Le conseiller national Philippe Nantermod ne partage pas cette vision des choses: «La Suisse ne doit pas réaffirmer sans cesse son soutien à la CPI. C’est un État partie au Statut de Rome, c’est assez clair. Et le PLR valaisan d’ajouter : « La demande d’émission de mandats d’arrêt contre le Premier ministre Benjamin Netanyahu et son ministre de la Défense Yoav Gallant est très politique. La CCI ne prend pas en compte le principe de subsidiarité (complémentarité). Mais Israël dispose d’un système judiciaire fonctionnel. Parfois, les institutions internationales n’agissent pas conformément aux objectifs pour lesquels elles ont été créées.
Contrairement à Nicolas Walder, Philippe Nantermod pense que certaines institutions internationales vont parfois trop loin : « Comme la décision de la Cour EDH qui affirme que la Suisse a violé le droit à la protection du climat, il faut être prudent avec les institutions internationales que je soutiens, mais qui sont pas infaillible. Leurs décisions ne s’appuient pas sur un outil démocratique tel qu’un parlement national. Dans le cas de la Cour EDH, il n’existe pas de droit à un environnement sain.» L’élu valaisan prévient : « ces juges se sont placés au-dessus des législateurs nationaux, et même du peuple souverain. C’est très dangereux. »
De futures arrestations ?
Franz Grüter, conseiller national de l’UDC, estime que la Suisse a commis une erreur en signant le Statut de Rome instituant la CPI en 1998 et en le ratifiant en 2001. «Dans ce cas, la CPI n’aurait dû intervenir que si le système judiciaire du pays concerné présente des dysfonctionnements, comme le montrent les dans une dictature. Ce n’est pas le cas d’Israël.

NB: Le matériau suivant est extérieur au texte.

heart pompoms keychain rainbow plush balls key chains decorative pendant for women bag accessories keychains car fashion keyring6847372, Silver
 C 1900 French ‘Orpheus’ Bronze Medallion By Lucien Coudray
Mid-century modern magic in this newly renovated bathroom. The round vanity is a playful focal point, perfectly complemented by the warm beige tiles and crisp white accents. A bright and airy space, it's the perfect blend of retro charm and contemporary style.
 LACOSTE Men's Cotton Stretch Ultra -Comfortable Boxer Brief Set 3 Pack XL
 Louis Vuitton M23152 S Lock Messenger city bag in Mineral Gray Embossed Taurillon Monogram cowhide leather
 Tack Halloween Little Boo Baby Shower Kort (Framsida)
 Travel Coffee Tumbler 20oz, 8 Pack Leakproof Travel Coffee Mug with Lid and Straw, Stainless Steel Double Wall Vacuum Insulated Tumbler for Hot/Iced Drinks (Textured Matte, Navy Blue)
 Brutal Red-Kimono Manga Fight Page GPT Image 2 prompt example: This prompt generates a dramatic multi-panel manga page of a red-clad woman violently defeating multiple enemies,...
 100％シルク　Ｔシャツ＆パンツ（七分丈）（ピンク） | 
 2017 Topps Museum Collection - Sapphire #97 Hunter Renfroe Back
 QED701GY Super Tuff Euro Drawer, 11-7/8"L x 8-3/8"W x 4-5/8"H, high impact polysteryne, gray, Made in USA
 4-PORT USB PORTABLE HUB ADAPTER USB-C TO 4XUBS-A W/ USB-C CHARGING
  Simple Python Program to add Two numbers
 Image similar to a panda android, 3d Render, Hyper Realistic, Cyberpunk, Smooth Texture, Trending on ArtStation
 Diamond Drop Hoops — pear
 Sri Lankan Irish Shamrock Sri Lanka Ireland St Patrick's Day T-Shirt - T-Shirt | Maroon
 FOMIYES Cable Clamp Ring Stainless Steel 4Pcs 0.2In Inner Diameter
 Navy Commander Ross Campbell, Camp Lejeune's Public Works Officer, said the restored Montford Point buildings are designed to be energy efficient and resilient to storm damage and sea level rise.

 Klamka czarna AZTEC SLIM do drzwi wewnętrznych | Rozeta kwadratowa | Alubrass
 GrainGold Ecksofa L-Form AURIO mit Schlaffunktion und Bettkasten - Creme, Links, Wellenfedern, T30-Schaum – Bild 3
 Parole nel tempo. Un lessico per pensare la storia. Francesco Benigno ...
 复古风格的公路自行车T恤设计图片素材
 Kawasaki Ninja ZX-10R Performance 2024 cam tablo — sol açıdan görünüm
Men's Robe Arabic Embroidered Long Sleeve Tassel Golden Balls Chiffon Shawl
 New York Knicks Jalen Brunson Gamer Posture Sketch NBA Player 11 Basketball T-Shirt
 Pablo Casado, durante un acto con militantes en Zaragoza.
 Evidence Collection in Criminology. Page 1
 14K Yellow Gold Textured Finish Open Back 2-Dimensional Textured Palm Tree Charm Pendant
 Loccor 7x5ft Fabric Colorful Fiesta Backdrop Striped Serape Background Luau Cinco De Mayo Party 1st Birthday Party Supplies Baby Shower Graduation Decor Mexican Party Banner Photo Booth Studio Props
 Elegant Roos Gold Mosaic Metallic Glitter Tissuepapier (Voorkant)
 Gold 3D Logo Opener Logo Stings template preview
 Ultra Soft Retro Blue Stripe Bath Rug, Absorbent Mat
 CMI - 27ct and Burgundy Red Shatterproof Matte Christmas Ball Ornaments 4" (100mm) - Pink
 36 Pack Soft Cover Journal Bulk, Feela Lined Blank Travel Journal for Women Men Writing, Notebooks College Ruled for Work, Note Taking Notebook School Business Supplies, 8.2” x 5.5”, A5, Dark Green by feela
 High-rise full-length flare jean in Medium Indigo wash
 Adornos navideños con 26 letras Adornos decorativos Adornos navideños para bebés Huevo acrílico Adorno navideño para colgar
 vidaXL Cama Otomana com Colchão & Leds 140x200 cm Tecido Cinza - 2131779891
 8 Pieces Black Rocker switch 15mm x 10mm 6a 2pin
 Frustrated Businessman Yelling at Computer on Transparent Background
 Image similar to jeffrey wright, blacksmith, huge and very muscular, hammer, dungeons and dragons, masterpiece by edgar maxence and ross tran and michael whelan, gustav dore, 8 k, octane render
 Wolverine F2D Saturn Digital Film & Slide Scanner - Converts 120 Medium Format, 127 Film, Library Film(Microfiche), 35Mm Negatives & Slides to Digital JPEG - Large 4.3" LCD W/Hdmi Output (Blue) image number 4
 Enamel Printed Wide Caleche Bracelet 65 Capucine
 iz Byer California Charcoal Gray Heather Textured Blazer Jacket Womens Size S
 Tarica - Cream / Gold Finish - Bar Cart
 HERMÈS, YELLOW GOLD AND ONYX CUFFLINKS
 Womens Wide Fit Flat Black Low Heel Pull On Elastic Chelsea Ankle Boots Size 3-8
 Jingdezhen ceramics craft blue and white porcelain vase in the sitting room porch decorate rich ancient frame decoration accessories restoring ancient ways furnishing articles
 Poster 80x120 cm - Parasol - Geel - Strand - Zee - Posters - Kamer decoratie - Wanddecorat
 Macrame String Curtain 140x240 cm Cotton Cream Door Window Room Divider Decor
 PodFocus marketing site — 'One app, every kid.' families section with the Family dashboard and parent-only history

Quant à la Suisse, elle aurait dû dire publiquement que la CPI devait laisser la justice interne israélienne traiter l’affaire.» Si les mandats d’arrêt contre Netanyahu et Gallant devaient être confirmés, la Suisse les arrêterait-elle s’ils se trouvaient sur le sol suisse ? Nicolas Walder exige une réponse claire du Conseil fédéral.
Contacté par La météo, le DFAE n’a pas pu répondre avant la publication de cet article. L’hésitation du gouvernement suisse à soutenir publiquement la CPI dans le contexte de la guerre entre Israël et le Hamas est surprenante si l’on prend en compte l’implication historique de la Confédération dans les travaux qui ont conduit à la création de la CPI en 1998 et à sa prise de fonction. en 2002. Pour Berne à l’époque, il était impératif de disposer d’un mécanisme efficace pour mettre en œuvre les Conventions de Genève. Celles-ci étaient menacées de dilution, notamment par des pays comme les États-Unis.
En 1998, à Rome, la Suisse comptait une importante délégation. Elle est fortement impliquée, avec le CICR, dans la définition des crimes de guerre insérée à l’article 8 du Statut de Rome. Sous l’égide du Canadien Philippe Kirsch, qui deviendra le premier président du CCI, les délégués suisses furent contraints de s’asseoir avec leurs homologues américains pour parvenir à un texte acceptable par tous. Après plusieurs séances de trois semaines, ils sont parvenus à produire un texte solide. Cent vingt Etats approuvent le statut, 7 s’y opposent et 21 s’abstiennent. La Suisse a laissé une forte impression.